— Exercise brief —
Starting at the line that contains "Thủ tướng Nhật" and stopping at the line that contains "RE/MAX LACİVERT'TEN ILICA", transcribe every line of the material below exactly; pictures stay out.

— Provided data —
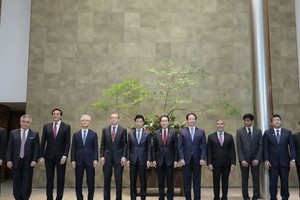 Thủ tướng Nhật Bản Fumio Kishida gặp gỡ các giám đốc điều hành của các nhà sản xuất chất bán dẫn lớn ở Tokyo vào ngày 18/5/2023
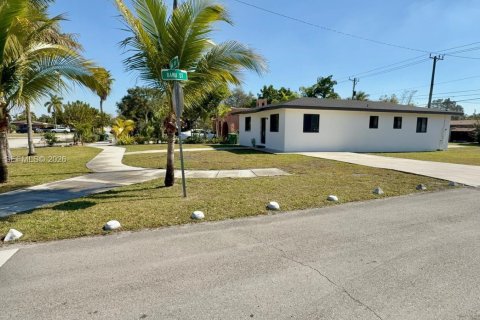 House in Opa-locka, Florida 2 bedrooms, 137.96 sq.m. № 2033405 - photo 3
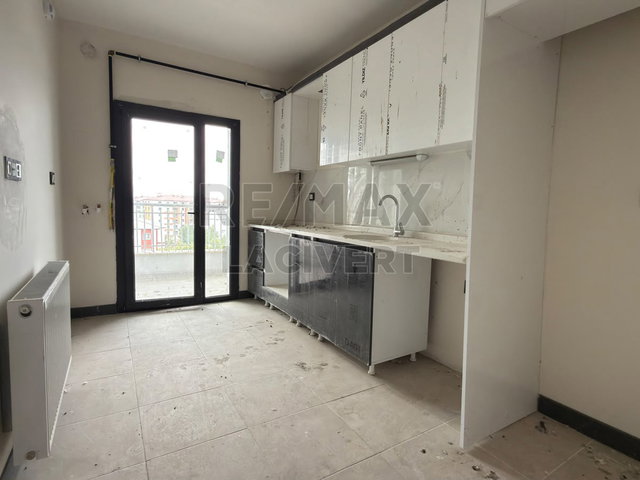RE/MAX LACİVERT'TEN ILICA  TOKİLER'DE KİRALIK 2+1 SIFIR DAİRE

--

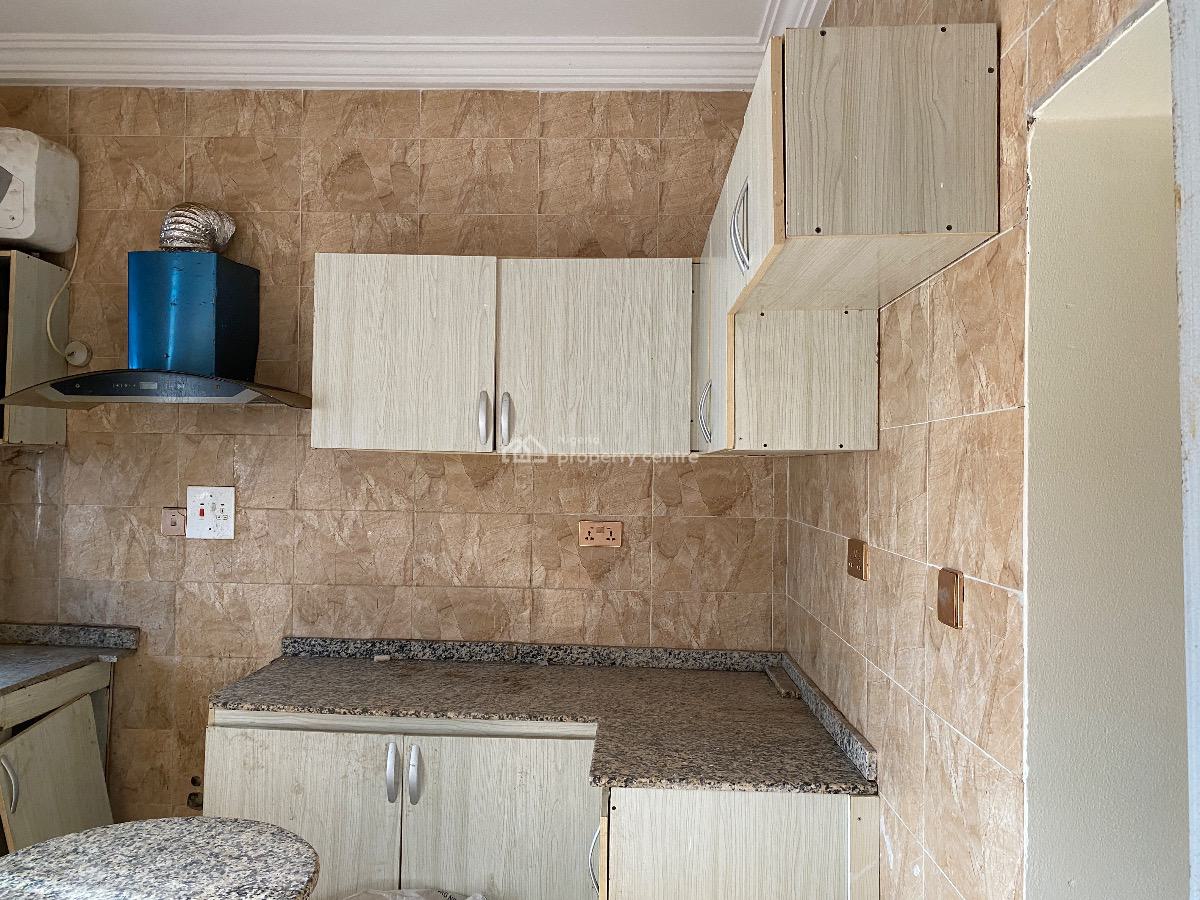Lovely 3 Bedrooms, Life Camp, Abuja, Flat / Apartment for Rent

— Result below —
 Thủ tướng Nhật Bản Fumio Kishida gặp gỡ các giám đốc điều hành của các nhà sản xuất chất bán dẫn lớn ở Tokyo vào ngày 18/5/2023
 House in Opa-locka, Florida 2 bedrooms, 137.96 sq.m. № 2033405 - photo 3
RE/MAX LACİVERT'TEN ILICA  TOKİLER'DE KİRALIK 2+1 SIFIR DAİRE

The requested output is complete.